C’est là qu’intervient la SPFPL, en réunissant les conditions pour opter pour le régime mère fille que nous ne détaillerons pas ici, il est possible de remonter ces 48 155 € sous forme de dividendes dans la SPFPL. Cette somme sera soumise au régime mère fille soit 5 % du taux d’imposition sur les sociétés donc 0,75 % (0.05 x 0.15) soit 361 €.

Le libéral exerçant dans une SEL détenue par une SPFPL pourra remonter 47 794 € dans la SPFPL qui est une véritable structure de création et gestion de patrimoine notamment pour préparer une retraite. Chaque année d’exercice il sera donc possible d’investir 47 794 € au travers de la SPFPL.

 

Pour conclure, en gardant l’hypothèse du train de vie de 73 000 €, le BNC pourra investir en nom propre 20 744 € (93 744 – 73 000) quand la SPFPL pourra investir 47 794 € soit une différence de 27 050 € et ce en une seule année d’exercice.

La différence que cela implique pour un libéral en plusieurs années d’exercice est très importante dans la préparation de sa retraite. Le point le plus important est que la trésorerie présente dans la SPFPL sera investis, de manière réaliste, à un taux entre 4 % et 5 % par année, creusant de manière encore plus significative l’écart entre ces deux structures.
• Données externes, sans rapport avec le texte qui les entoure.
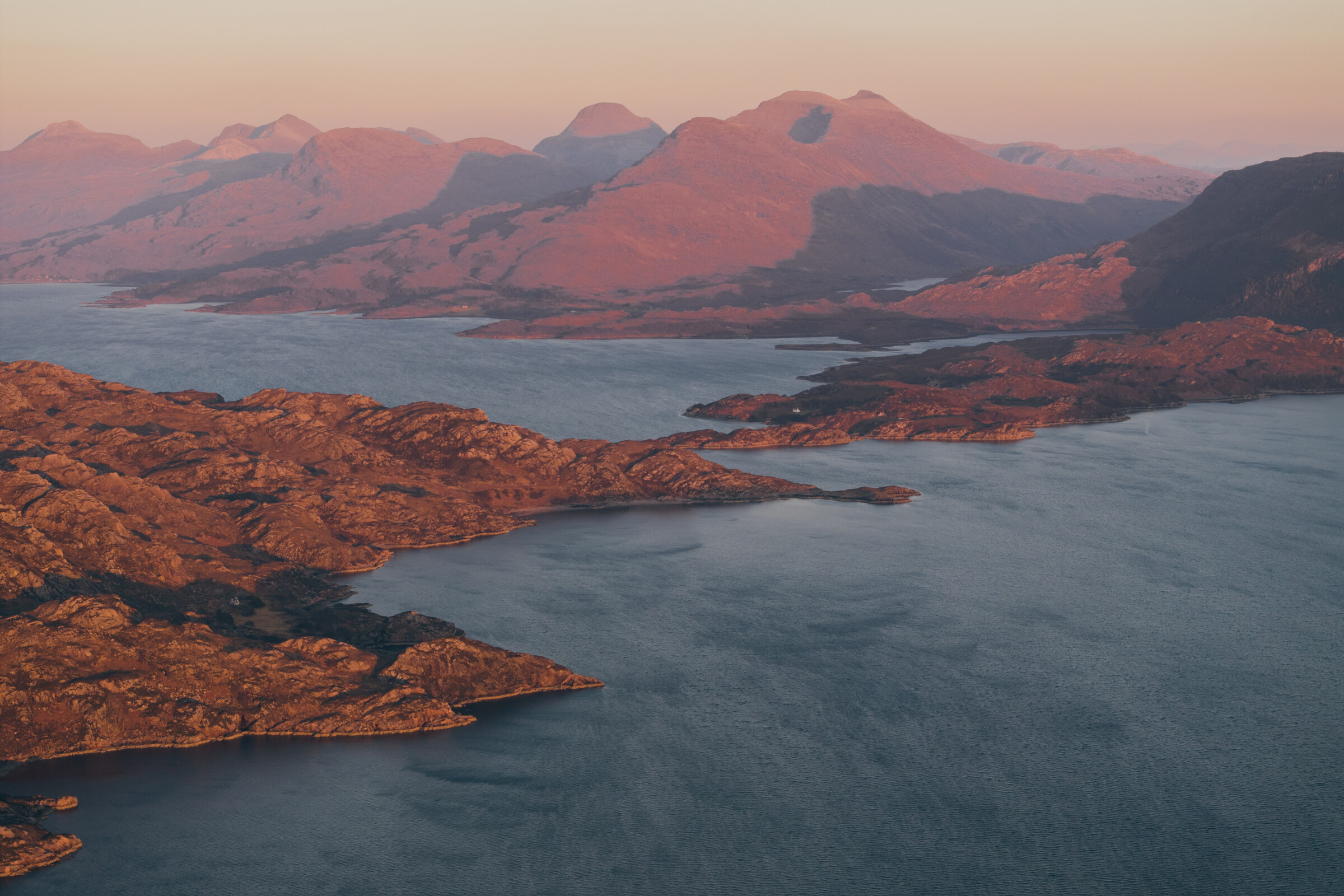The Torridon mountains catch the first pink light above the sea lochs and islands below.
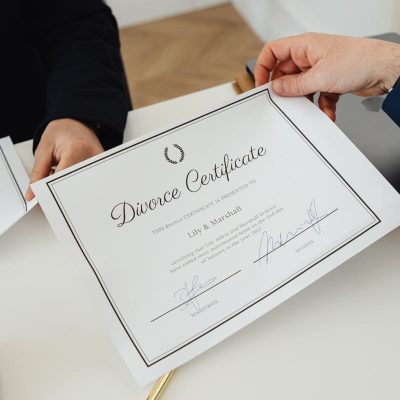 Overhead view of hands exchanging a divorce certificate in a professional environment.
En réalisant une simulation d’investissement sur 10 ans à une rentabilité annuelle de 5 % en gardant les sommes précédentes, soit le BNC investissant en nom propre 20 744 € et le libéral investissant au travers d’une SPFPL 47 794 €. Nous obtenons en capital crée à terme, soit en réinvestissant cette somme tous les ans, une création d’un capital de 294 705 € en nom propre pour le BNC quand le libéral aura créé un capital de 679 000 € dans sa SPFPL. Certes le patrimoine de la SPFPL n’appartient pas en nom propre au libéral, cependant ces 384 300 € de différence pourront très largement couvrir les éventuels frais et l’imposition en cas de liquidation de la SPFPL a termes, plus de capital aura donc été créé.
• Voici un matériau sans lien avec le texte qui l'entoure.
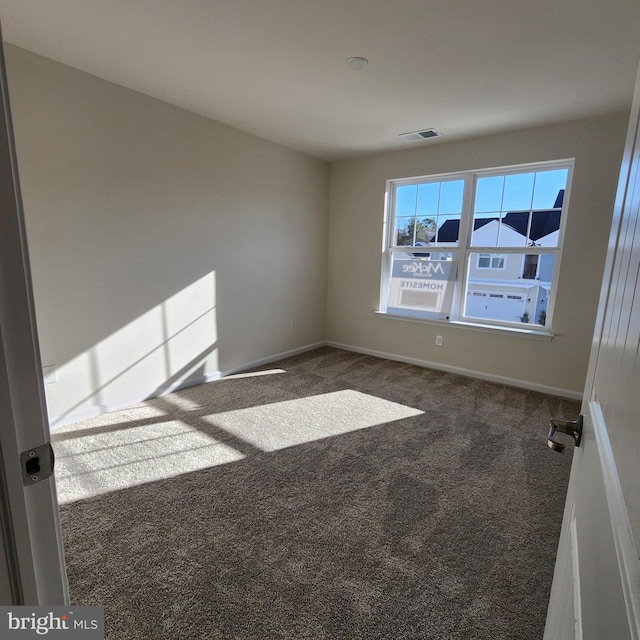 empty room featuring dark carpet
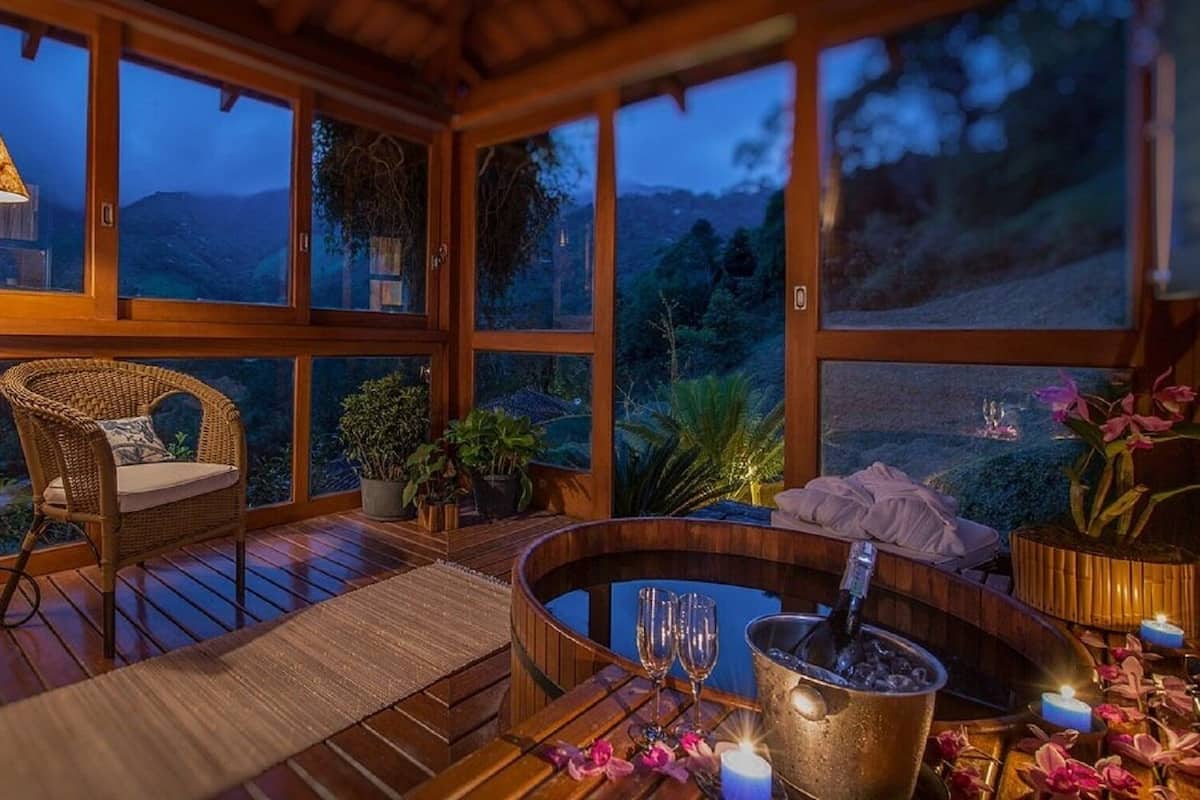 A cozy room with a wicker chair, a small table with a candle, and a hot tub.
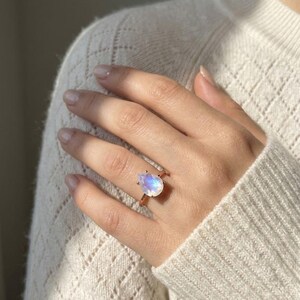 Moonstone teardrop ring worn on hand with cozy cream sweater, showing the delicate prong setting and blue flash of the stone. A June birthstone ring available in sizes 5 to 9, with half sizes upon request, ideal as a gift for her.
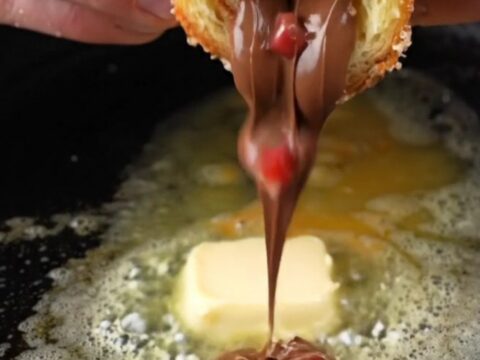 Golden French toast roll-ups coated in cinnamon sugar, with melted Nutella and strawberries oozing out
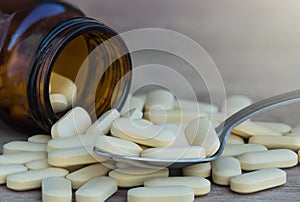 Pills or vitamin in Medicine bottles on the spoon background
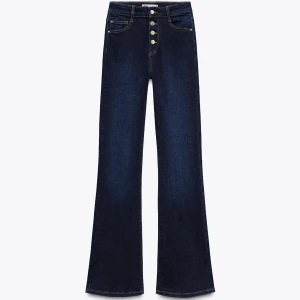 Mörkblå bootcut jeans med knappar - Snygga mörkblå jeans med bootcut passform och hög midja. Jeansen har fyra silverfärgade knappar framtill och klassiska fickor både fram och bak. Materialet är jeans med lite stretch för skön passform. Perfekta för dig som gillar en trendig och bekväm stil.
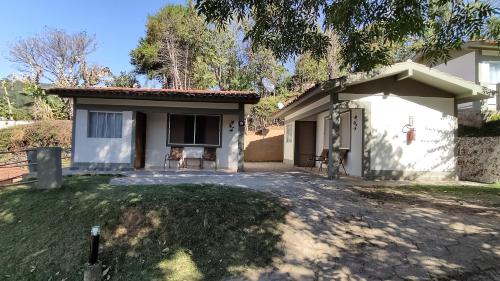 a small white house with a driveway at Chalés Vila da Serra in Serra Negra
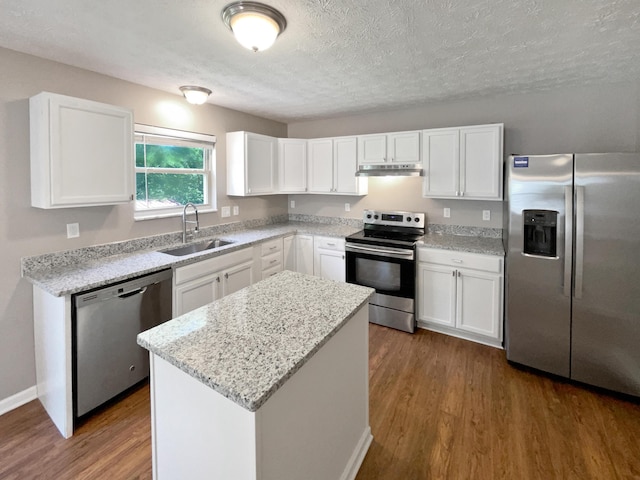 kitchen featuring appliances with stainless steel finishes, a kitchen island, dark wood-type flooring, and sink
De plus, il existe plusieurs moyens de jouir du capital créé dans la SPFPL une fois arrivé à la retraite et cette dernière s’avère être un outil successoral très puissant là où l’investissement en nom propre ne l’est pas. La SPFPL permet de créer plus de patrimoine et de le transmettre. Ces deux sujets feront l’objet d’un prochain article.